Initially, the process was to simply interview as many cinematographers as we could get, always coordinating with Jon’s paying jobs as they took him around the world. Over the span of two years, this allowed Jon to film more than 100 interviews, resulting in a bounty of material that was nearly overwhelming both in volume and great content. During that time, the production was able to progress rather unnoticed, and I was concerned that might change dramatically after the initial rough cut unless we kept a tight lid on the project. With the multitude of potential “creative consultants” we had filmed, and with the ever-present marketing interests of the many sponsors and contributors, the production could have been inundated with suggestions and demands that would have been its creative doom. For that reason, we insisted that no one outside of the immediate creative circle was to see any images until we were finished. This was not always comfortable for Jon, who is a creative, collaborative and open individual by nature, but ultimately we all recognized the need for such a restriction.

By the time we had edited the material down to our target length, we were still trying to coordinate a mutually manageable location to film Vittorio Storaro, whom I had assured that “we will not wrap until you are in the can.” As fortune would have it, we were able to catch Vittorio in Boston, where he received the Coolidge Award. Once his interview was done and cut into the edit, I realized there was one more person missing from the ensemble: Gordon Willis, surely one of the most influential and brilliant cinematographers of our time.

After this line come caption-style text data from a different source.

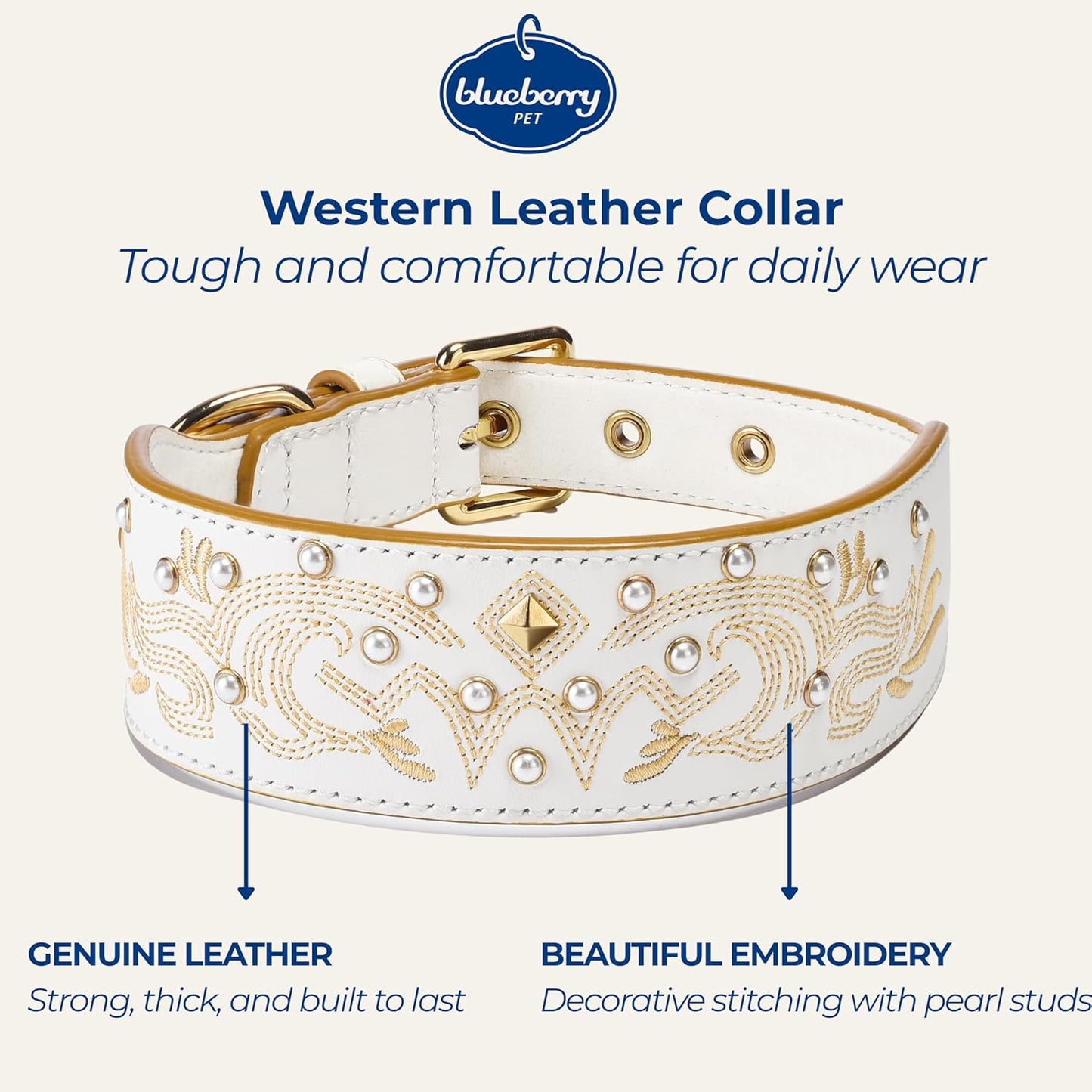 Blueberry Pet Western Genuine Leather Dog Collar for Medium Breeds, Pearl White - Floral Embroidery, Pearl Studs, Adjustable 15-18 Inch Neck, Dog Collars for Medium Dogs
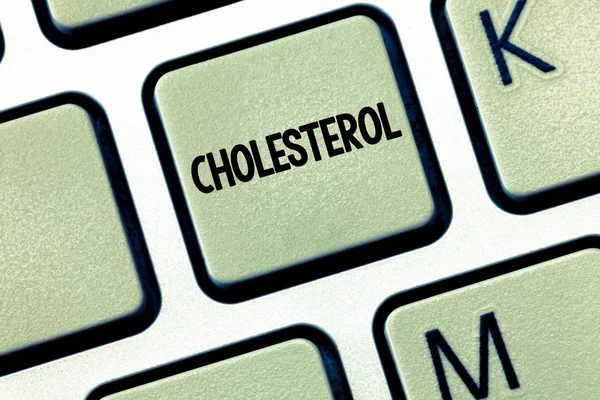 Fogalmi kézi írás, koleszterin mutatja. Bemutatják a jelen lévő állati sejtek és testfolyadékok szteroid alkohol üzleti fotó — Stock Fotó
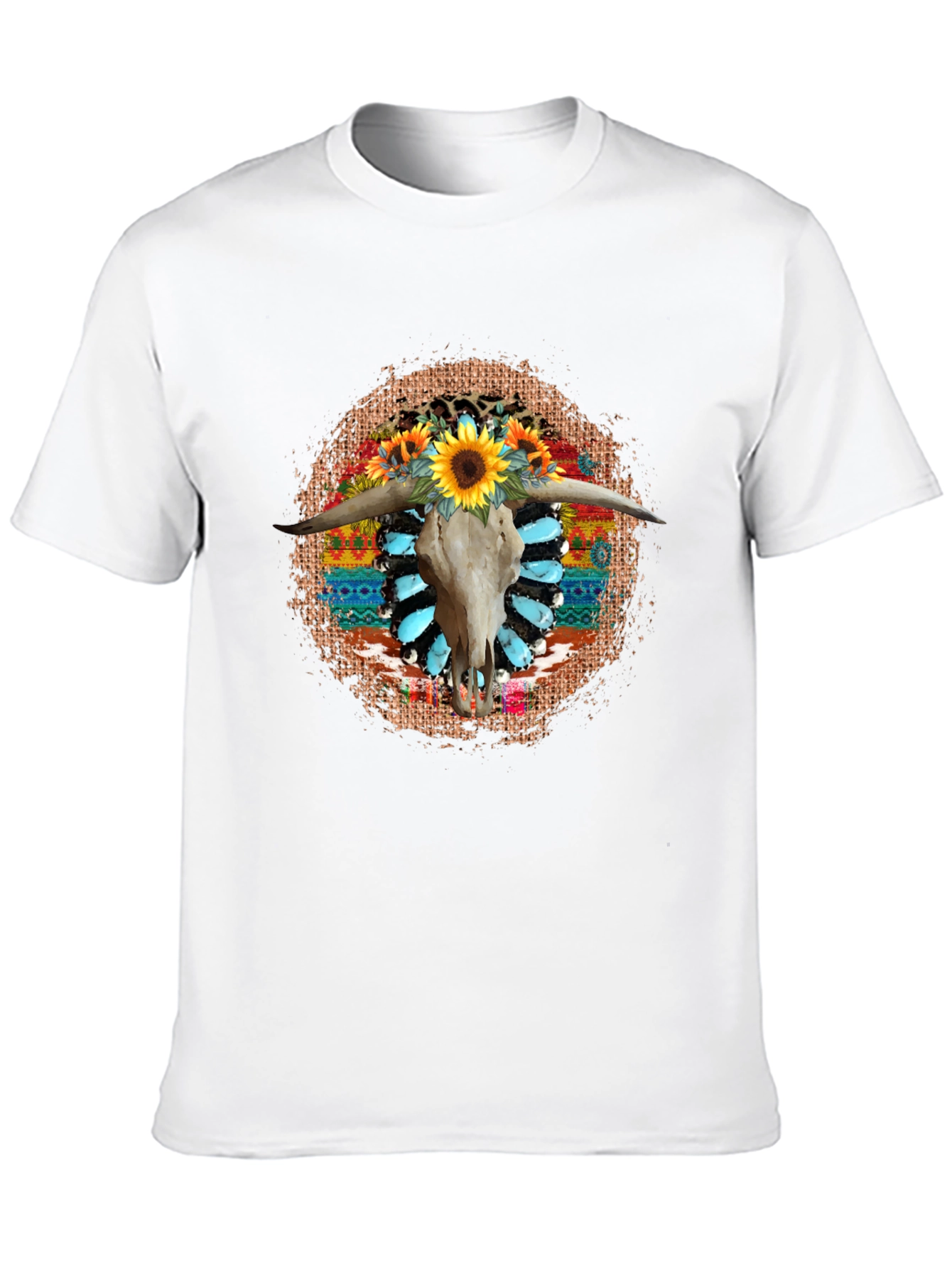Black Rustic Steer Skull Sunflower Graphic Tee view 10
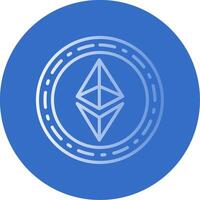 Ethereum Coin Flat Bubble Icon vector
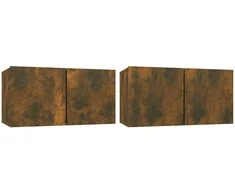 TV staliukas Pakabinamos televizoriaus spintelės, 2vnt., ąžuolo, 60x30x30cm
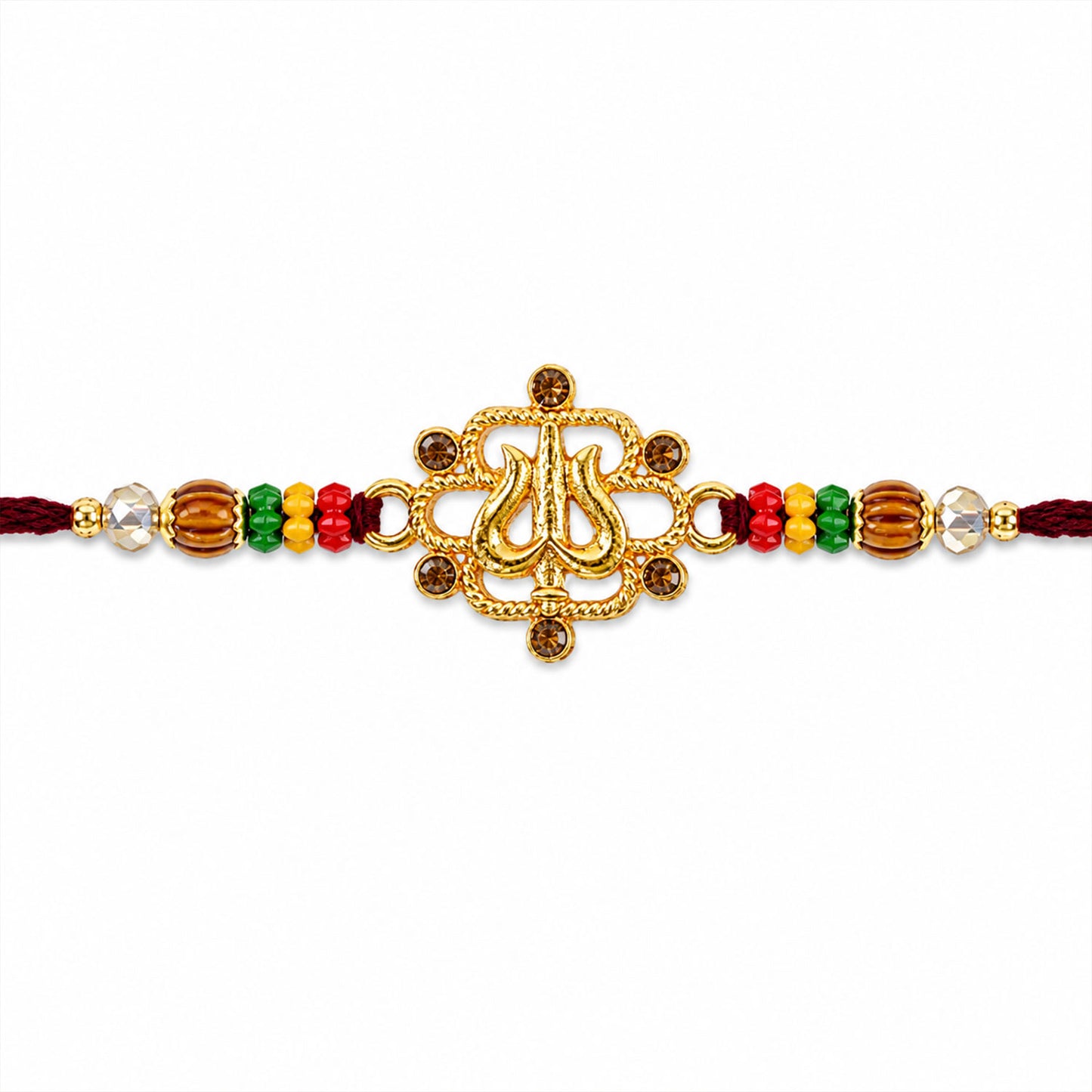 Tilak Trishul Style Devotional Rakhi with Golden Centre and Wooden Beads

So I proposed one last interview to Jon, who outlined the project for Gordon and got him to agree to an interview. Jon made arrangements to take equipment and a small crew, including Tibor Sands, Gordon’s assistant on a number of movies and now a CSC employee, to the Willis home in Massachusetts. Clearly, Jon, Tibor and Gordon meshed well in those relaxed surroundings, and the resulting material greatly enhances the film’s intimate feeling.

The technical aspects of this film were an important component of the overall concept. The sponsors intended to use every advanced technology at their disposal to produce the best possible print that film and the DI process are capable of. All of the footage was shot with the latest Arricam 35mm camera systems, Zeiss Ultra Prime Lenses, and Kodak Vision2 negative (which we referred to as our “analog 4K user-interchangeable sensor”). Because of data-capacity and time limitations, we elected a 2K DI that was divided between New York and Los Angeles. The negative was scanned on an Arriscan at 3K, down-rezzed to 2K, conformed, dust-busted and graded by Tim Spitzer and John Dowdell at Goldcrest in New York, and then filmed out in 2K on two Arrilasers at our facility in Burbank. Technicolor Los Angeles gave us an outstanding release print on Kodak Vision Premier.

Altogether, we shot 200 rolls of color negative for this production. Assuming the equivalent of 4K digital resolution at approximately 65 megabytes per frame, there is a total of 206 terabytes of uncompressed, raw, analog 4K data archived and safely stored in tin cans for future use in whatever format may be required, be it analog or digital.

Aside from the compliments we’ve received on the film, the sentiment most often expressed is, “Too bad something like this was not done long ago.”